On December 5, 1994, one David Brady was arrested in Revere on an Arlington warrant for breaking and entering. At the time of his arrest, Brady had been in the company of Daniel Mullaney and Michael Sands (two of the defendants in the present case) and the men had been in a gray Chevrolet Impala with registration number 209YHN. Mullaney was known for committing housebreaks in Arlington.
The registration number that had been received from the Malboro Police was 209THN; the one received from Revere was 209YHN. The latter number was the correct one, see infra.
The source of this information was Inspector James Curran, a member of the Arlington Police Department for eight years. Inspector Curran testified at the hearing.
Finally, on December 6, Sgt. Droney received a message from Inspector James Curran of the Lexington Police that a gray Chevrolet Impala, license number 209YHN, with three individuals including a Daniel Mullaney, might be involved in the noontime breaks. Sgt. Droney had all cruisers notified that said vehicle might be involved in noontime breaks.
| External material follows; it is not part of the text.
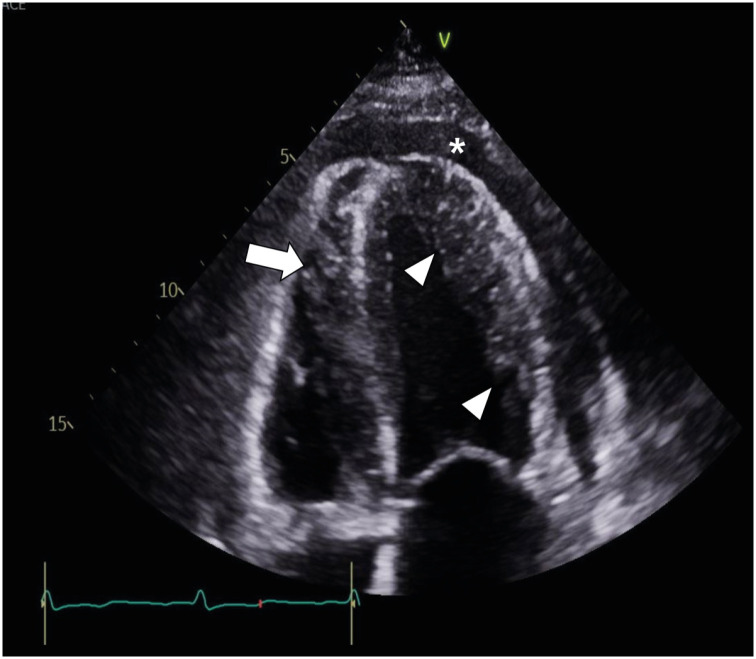 CMR Parametric Mapping Helps Diagnose Diffuse Myocardial Leukemic Infiltration in the Relapse of Acute Lymphoblastic Leukemia.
2. THE STOP OF THE SANDS' VEHICLE.
On December 6, 1994, at approximately noontime, almost immediately after receiving Sgt. Droney's information regarding the gray Chevrolet Impala, license number 209YHN with three men, including a Daniel Mullaney, who might be involved in noontime housebreaks, Sgt. D'Innocenzo of the Needham Police observed a gray Chevrolet Impala, license number 209YHN, on Mayo Avenue, a residential street in Needham. One white male was driving that car. Sgt. D'Innocenzo followed the gray Chevrolet. As he followed it onto Stevens Road, another residential street, Sgt. D'Innocenzo saw two white males walking on Stevens Road. When the gray Chevrolet passed these two white males, Sgt. D'Innocenzo saw the car slow down and then accelerate to a normal speed. He did not observe any conversation or other interaction between the pasenger and the pedestrians. As Sgt. D'Innocenzo drove by the two pedestrians, the two pedestrians did not look at the cruiser at all. Sgt. D'Innocenzo found this to be unusual; most people whom he passes while on patrol at least look at the cruiser or smile and wave when it passes. (The two pedestrians were later identified as the defendants Martorano and Mullaney and the driver of the car as the third defendant, Sands). Sgt. D'Innocenzo radioed to Sgt. Droney about his observations and was instructed to pull the car over. He did so on Greendale Avenue. Sgt. D'Innocenzo had the driver step out of the car and he pat frisked him for weapons for his safety. Sgt. D'Innocenzo was alone at the time and it was not unreasonable to be concerned that a suspected housebreaker might be armed. Sgt. D'Innocenzo then asked Sands for identification. He had none, but said his name was Michael Sands. Sgt. D'Innocenzo radioed for a computer check about Sands' license. While the Sergeant was waiting for that information, Officer Nahass arrived. No other officer had been present until this point.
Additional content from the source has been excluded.